Wouldn’t both sides have made good on the transaction? After all, the prostitute would have had to received money before the arrest happened.
You think the sex workers got to KEEP that money??
I’m not sure. It kind of seems like once the money was in her possession, it was hers. It should be seized as evidence and after release it should be returned.
Oh you sweet summer child.
If it was returned or used as payment for a penalty for the prostitution, would it still be considered rape in your view?
I mean, is the issue really theft of services?
Wouldn’t that be state sanctioned use of prostitutes for undercover police? Tax dollars and so on?
As a survivor of rape, I really have a problem with this line of reasoning. What happened to me wasn’t dismissed and minimized by cops because we recognize a variety of things as rape and recognize the importance of meaningful consent. It was minimized by cops because cops don’t care about sexual assault.
Nope. It’s not entrapment. A prostitute would still have committed the same “crime” with someone else therefore the “unlikely to commit” bar isn’t met.
Police are also allowed (with some limitations) to use deception, to break the law, to help you break the law, and even coerce you into breaking the law.

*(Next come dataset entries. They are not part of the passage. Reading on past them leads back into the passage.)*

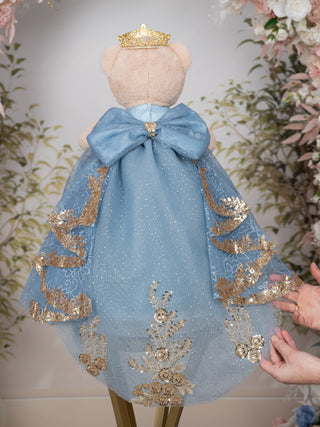 Dusty Blue Teddy Bear for quinceanera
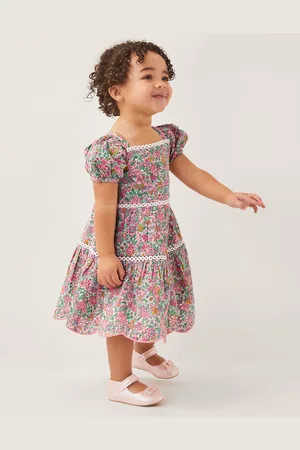 Monsoon Baby Broderie Floral Puff-Sleeve Dress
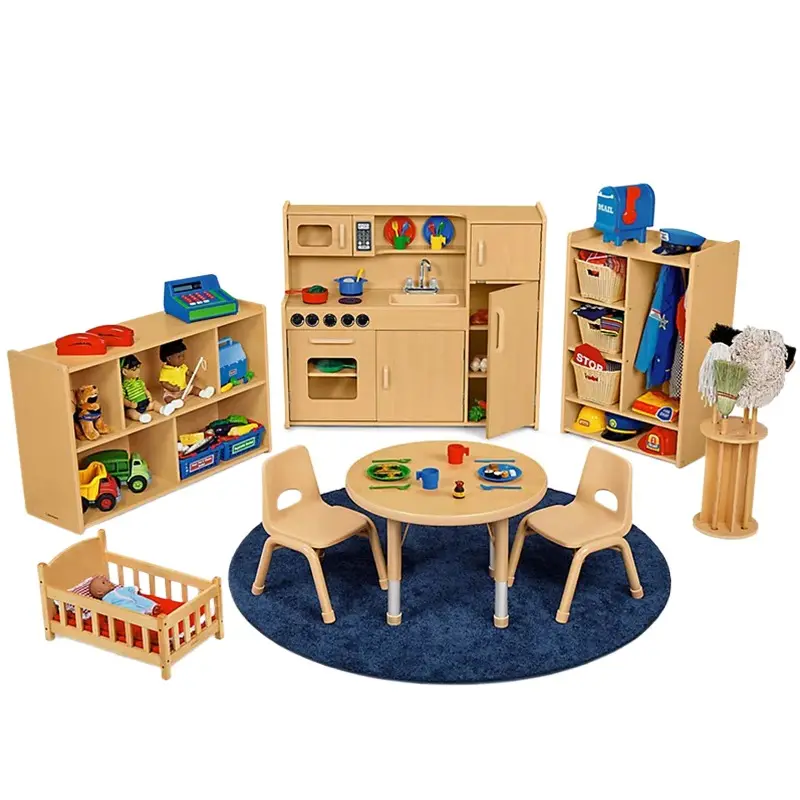 Guardería para niños, guardería, guardería, preescolares juegos de muebles, muebles Montessori de madera para jardín de infantes, juego de mesas y sillas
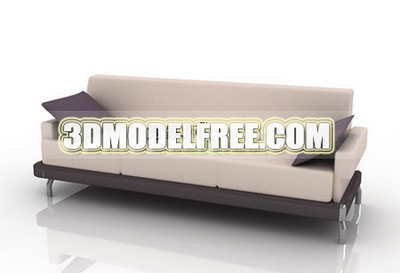 Furniture 3D Model: Creamy Fabric Couch 3Ds Max Model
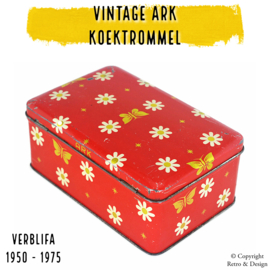 Rode Vintage Trommel voor Koek van ARK met Bloem- en Vlinderdecor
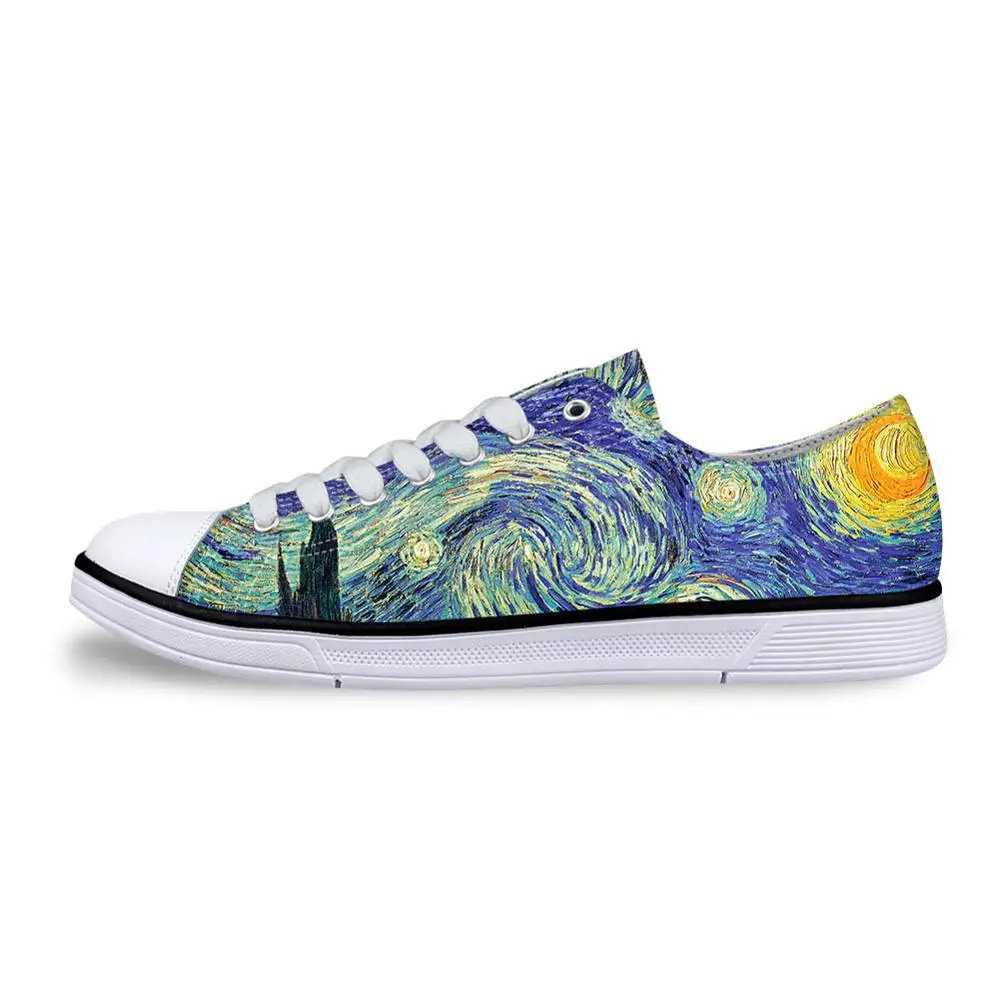 Женская повседневная обувь с художественным принтом; женская парусиновая обувь на шнуровке с вулканизированным низким верхом; женская обувь на плоской подошве для девочек; Vincent van Gogh - Цвет: LMLYH00029AP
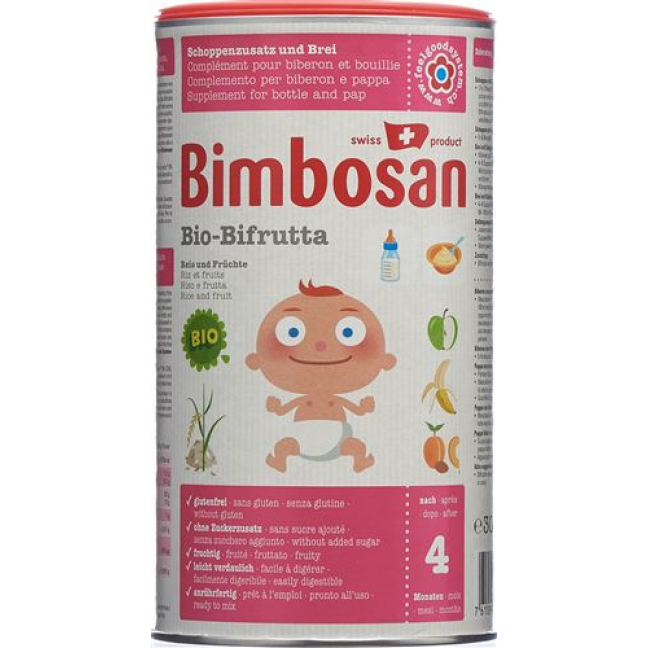 Bimbosan Bio bifrutta rýže + ovocná plechovka 300 g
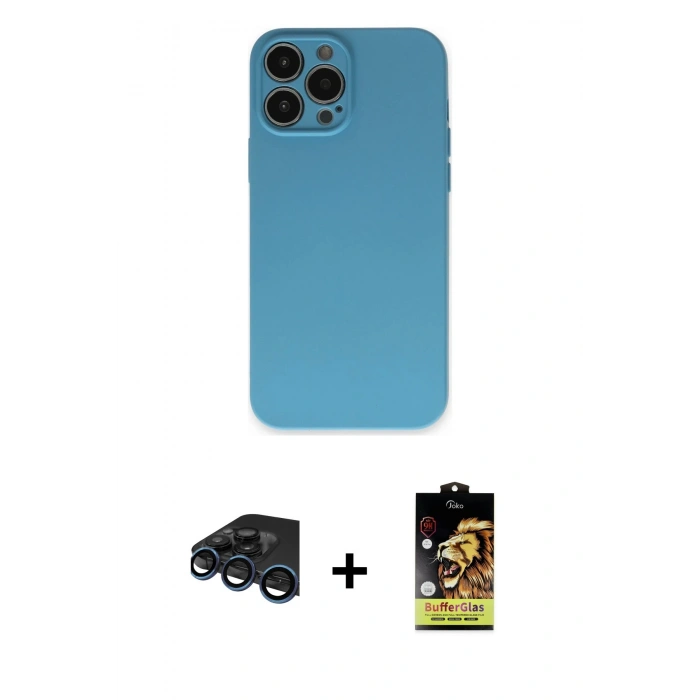 MARSİLYAN™- iPhone 15 Pro Max Kılıf Ahenk Serisi - Siyah Buffer Cam Ekran Koruyucu + Raze Metal Kamera Lens - LT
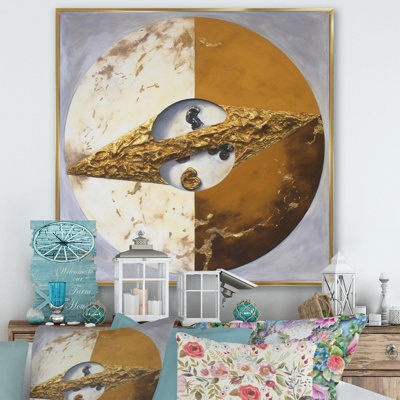 Reproduction d'art sur toile médaillée or blanc Yin et Yang II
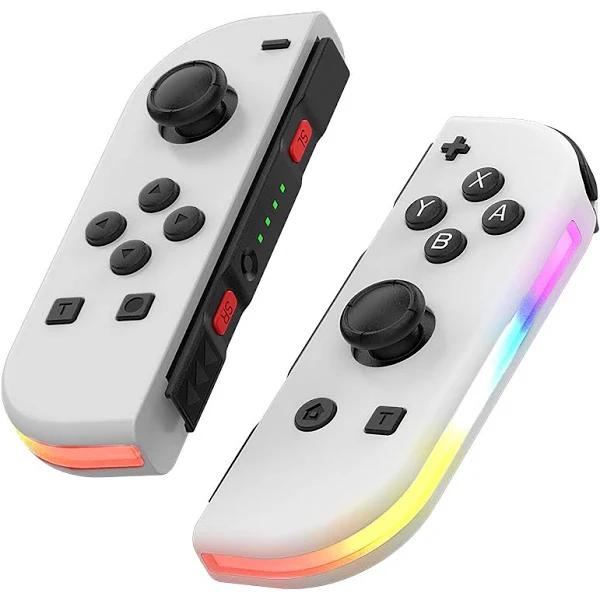 Costec RGB Led Joy Con Controller For Nintendo Switch Replacement For Nintendo Switch Controller, Compatible With Switch, Wireless Left and Right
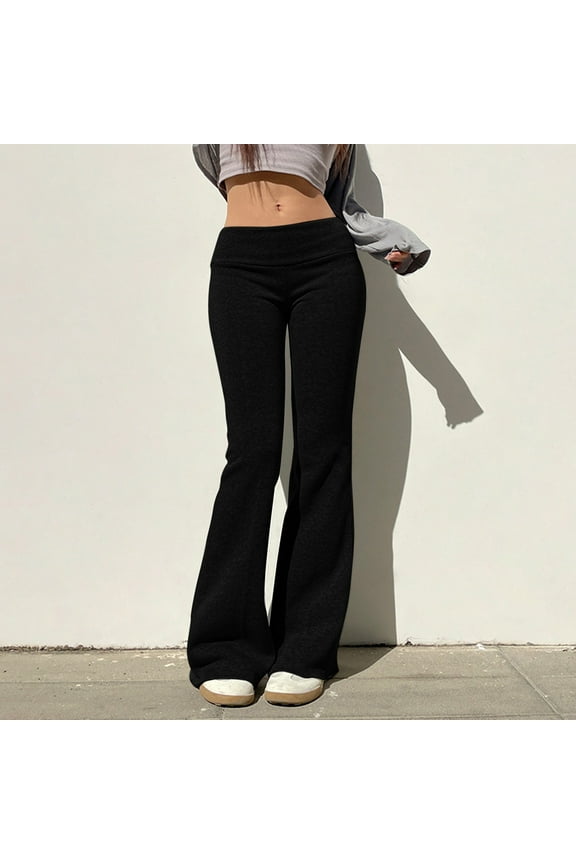Women Skinny Pants Fold Over Bootcut Stretchy Yoga Flare Leggings Long Y2k Joggers Sweatpants Lounge Sweat Pants Streetwear Black S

The Illustrated Guide to Law has a wonderful series on entrapment:
ETA: In case it wasn’t clear, the only point I was trying to make in this comment was that this doesn’t meet the legal standard for entrapment. I don’t condone anything about this practice.
Cop-just-doing-his-job: To make sure these are real drugs I’m going to have to ingest them first.
I sometimes use a remarkably similar justification for my vices…
The core issue is lack of informed consent. Cops keeping the money afterward is adding insult to injury.
Another aspect to this travesty is that it perpetuates, in a horrible way, the double standards of promiscuity. Men? Studs. Women? Dirty sluts!!!1!! In this instance, two people have sex, but the lying man gets to go home with slaps on the back from his buddies for his studliness but that dirty slut woman goes to jail.
And if we’re going back to the informed consent route, then we’re back to the question as to whether someone who lies about themselves before having sex with another person has raped them.
By this standard, a 15 year old girl who pretends to be 18 and sleeps with a 35 year old man, has raped him. A man who pretends to be liberal when he’s really a Republican has raped a woman who would never sleep with a Republican. A woman who would never sleep with a married man would be raped by any married man who says he is single.
Hell, it makes anonymous sex, one night stands or any act which one literally can’t be informed, rape.
I mean, the number of people I’ve slept with that I would have never slept with knowing who they are now…
I got to hand it to you, this is some next-level concern driving trollies here.
What are you talking about? It is just a counterexample. I’m just trying to figure out where the line is drawn, so I went from an extreme case or a minor posing as an adult to a far more common one of a married man posing as a single.
Not just studs, heroes. Heroes who do what they have to do, even if it ends in them having uneccesary sex with prostitutes.
As with so many genuine legal issues, the matter depends on the specific facts of the case, which is what judges and trials are for. They are used to find facts and apply the law to them.
Blue sex lives matter!!!
/s
Uhg, I feel tainted even joking about this.
Hint: consider which person in each scenario is likely to have more power over the other, then decide whether your counterexample is really applicable.